File: PsScarNet_Code.m
Description: The MATLAB code is provided to run the model.
% This PsScarNet_Code.m MATLAB code classifies a new image using a pre-trained neural network model (PsScarNet.mat).
% Ensure you have the following prerequisites before running the code:
% Prerequisites:
% 1. MATLAB installed with the Deep Learning Toolbox.
% 2. The pre-trained neural network model (PsScarNet.mat) should be in MATLAB workspace.
% 3. Extract the images from the Sample_images_PS.zip and the image you want to classify should be in the working directory.
% Instructions to run the code:
% 1. Update the 'newImagePath' variable with the path to your image file.
% Example: newImagePath = 'path_to_your_image.jpg';
% 2. Run the PsScarNet_Code.m code in MATLAB. The code will display the image and the predicted label.
File: Sample_images_PS.zip
Description: The sample photographs (representing the right, left side of Ringo and the unknown Painted Stork) can be used to test the model.
File: PsScarNet.mat
Description: This is the deep transfer learning model that we have developed to identify the Ringo
File: Morphometrics_of_Ringo.xlsx
Description: The morphological measurements of Ringo are available in the excel format, measured in pixels
Variables - Description
- Name - Image number
- Upper BillM1 - Upper Bill (mandible) measurement
- Lower BillM2 - Lower Bill (mandible) measurement
- Mouth to EyeM3 - Mouth to Eye measurement
- Eye to nostrilM4 - Eye to nostril measurement
- wing length M5 - wing length measurement
- Ref mean tibia thicknessM6 - Tibia thickness measurement
- Angle MEN - Angle of Mouth, Ear and Nostril
- AngleMTN - Angle of Mouth, Bill_Tip and Nostril
Code/software
1: The layer details of the Deep Transfer Learning model which we have developed are available in a text file, and it has 177 layers (Details_of_the_PsScarNet_Layers.txt).
2: The MATLAB code is provided to run the model (PsScarNet_Code.m).
3: The sample photographs (representing the right, left side of Ringo and the unknown Painted Stork) can be used to test the model (Sample_images_PS.zip).
4: This is the deep transfer learning model that we have developed to identify the Ringo. To run this model MATLAB environment is mandatory (PsScarNet.mat).
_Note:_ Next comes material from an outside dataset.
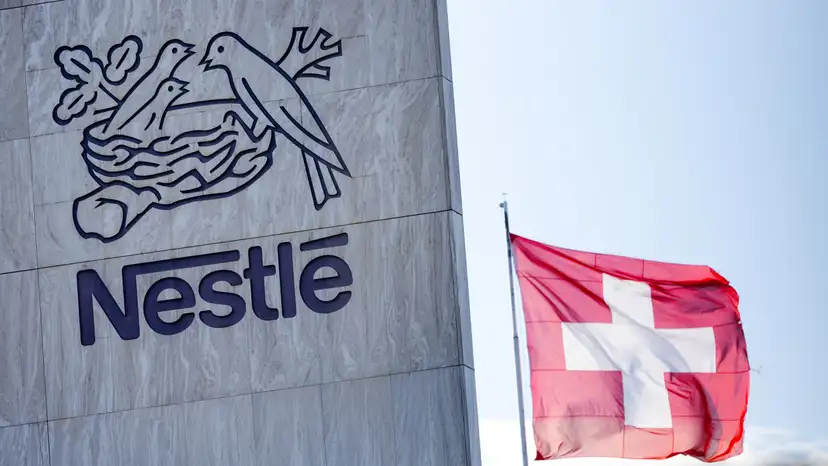 FILE PHOTO: A Swiss flag flutters on the headquarters of Nestle in Vevey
File: Details - SIFT Feature extraction
Description: The sample jpg images (Ringo and non-Ringo) and the required MATLAB code (detect_sift_batch_interactive_final.m) to extract the SIFT features is given in the zip file (Ringo-SIFT.zip).
Access information
Other publicly accessible locations of the data:
- No
Data was derived from the following sources:
- No
1. Morphological measurements of Ringo
We used 82 photographs of Ringo from a collection of 100 that had proper orientation. The mean of the morphological variables of Ringo taken during 2024 was compared with randomly selected images of 2022 and 2023. With tps DIG we carefully measured morphological features in pixel units, namely (1) Upper mandible, (2) Lower mandible, (3) the distance between the mouth corner to the inside corner of the eye, (4) the distance between the inside corner of the eye to the top end of the right nostril, (5) The distance from the base of the pectoral wing to the tip of the wing covering black and white, (6) distance from the feather region to the tarsus and tibia junction. All the above morphological measurements are available in the Excel format.
2. Deep Transfer Learning
Using the pre-trained model (ResNet-50), we fine-tuned our model with Ringo datasets collected during 2022, 2023, and 2024 to train, validate, and test the accuracy. Our input data size is 224 by 224 pixels, and output with multiclass layers (n=3). Three classes, namely 1) the right side of the Ringo (n = 824 images), 2) the left side of the Ringo (n = 678 images), and 3) non-marked or unknown Painted Storks (n = 1755 images) were created. Using a Transfer Learning approach, we developed a model trained with the digital images of Ringo and other Painted Storks.
We have provided the Deep Transfer Learning model and its MATLAB code along with few sample images to cross check and validate the model. To run this model, one requires a MATLAB environment.
We also provided the layer details of the model.